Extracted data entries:
_____

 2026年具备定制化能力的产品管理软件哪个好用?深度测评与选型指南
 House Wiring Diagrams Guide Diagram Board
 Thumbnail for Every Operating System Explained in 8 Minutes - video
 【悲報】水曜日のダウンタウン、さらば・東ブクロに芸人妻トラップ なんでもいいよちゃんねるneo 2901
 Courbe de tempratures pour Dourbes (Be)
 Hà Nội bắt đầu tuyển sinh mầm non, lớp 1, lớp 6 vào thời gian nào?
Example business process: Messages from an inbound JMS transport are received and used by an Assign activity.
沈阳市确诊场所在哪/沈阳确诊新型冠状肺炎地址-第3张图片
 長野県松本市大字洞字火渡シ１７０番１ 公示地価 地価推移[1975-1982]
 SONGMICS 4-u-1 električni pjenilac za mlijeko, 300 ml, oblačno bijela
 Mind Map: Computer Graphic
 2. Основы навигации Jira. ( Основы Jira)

_____

### Exercise details
Every line from the one containing "Mind Map: Computer Graphic" to the close of the records must be reproduced exactly. Include both ends and nothing more.

### Task result
 Mind Map: Computer Graphic
 2. Основы навигации Jira. ( Основы Jira)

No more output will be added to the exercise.